Its the betrayal u feel when a girl tells you multiple times a week that u are one of her closest confidants/ friends and then you find out that she was hiding and misrepresenting herself. You then wonder why? Is it becuz she holds my approval in such high esteem? Does she enjoy that atleast on guy in her life thinks that she is ok? Maybe she wanted me to see her in a certain way? Who knows??

I dont usually hang out with girls im not tryin to get with so many guys would wonder why she was different and why i was hanging out with her. Im known to be a horndog with chicks and i do ok with women. So i had to defend this friendship like crazy.

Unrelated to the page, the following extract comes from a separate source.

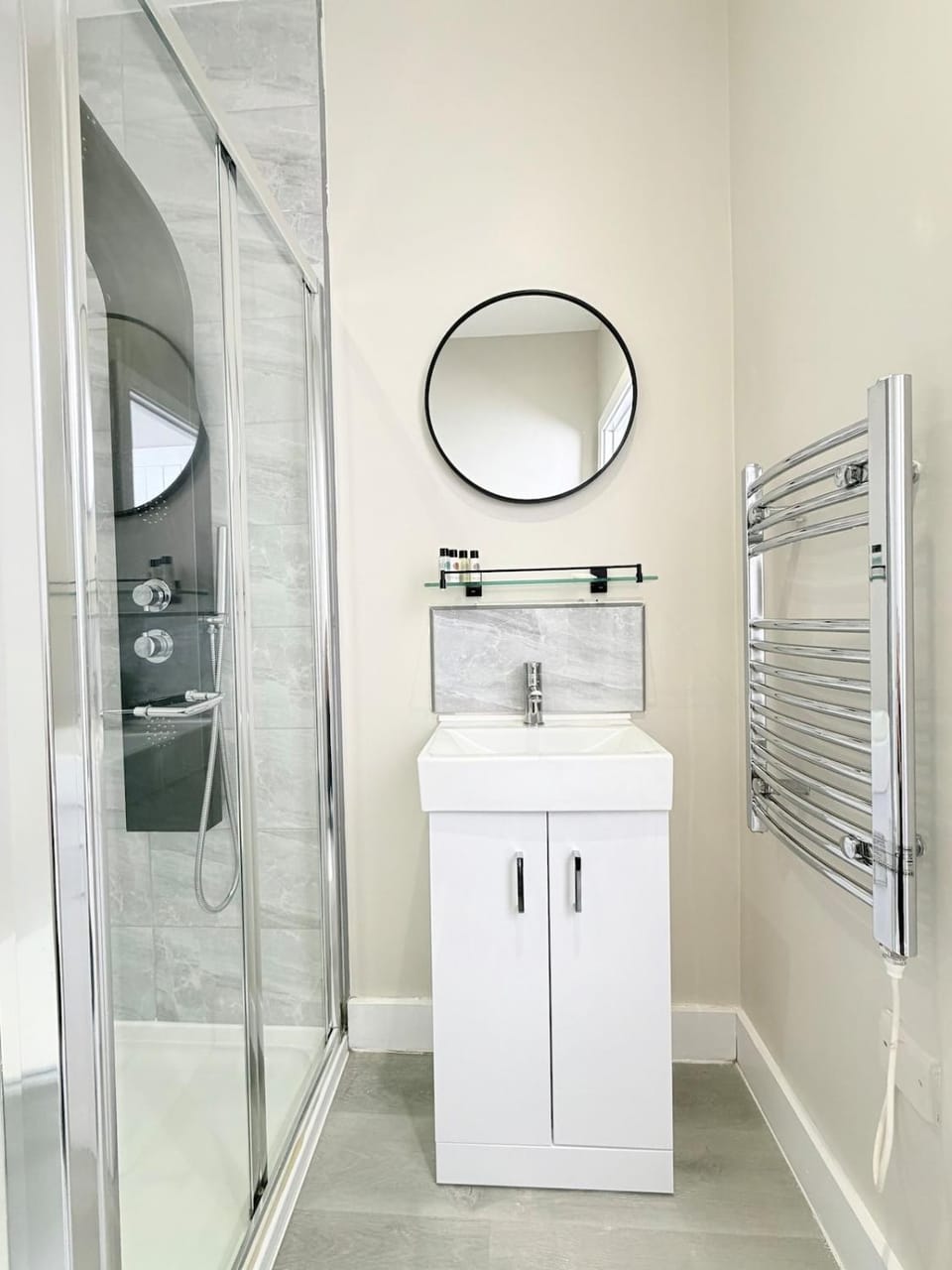 Executive Studio by the beach, Work, Stay, Adventure Apartment in Southend-on-Sea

You have to understand that one girl in particular had been pushing this friendship on me like crazy. We initially started getting close becuz she pursued it. When a female holds u in that light as a normal cool guy that she can trust, you feel odd breaking that image by trying to get some. Besides she is attractive just not my type at all. So i went along with it found out that shes really cool to chill with. Shes also a great wing girl. She thought i was a really cool guy in a school full of weirdos. When a girl talks 90% of the time about her dating life to you, and you find out that the very premise that her dating life was based on is false, its a mindf**k. Its like who can i trust to tell me the truth.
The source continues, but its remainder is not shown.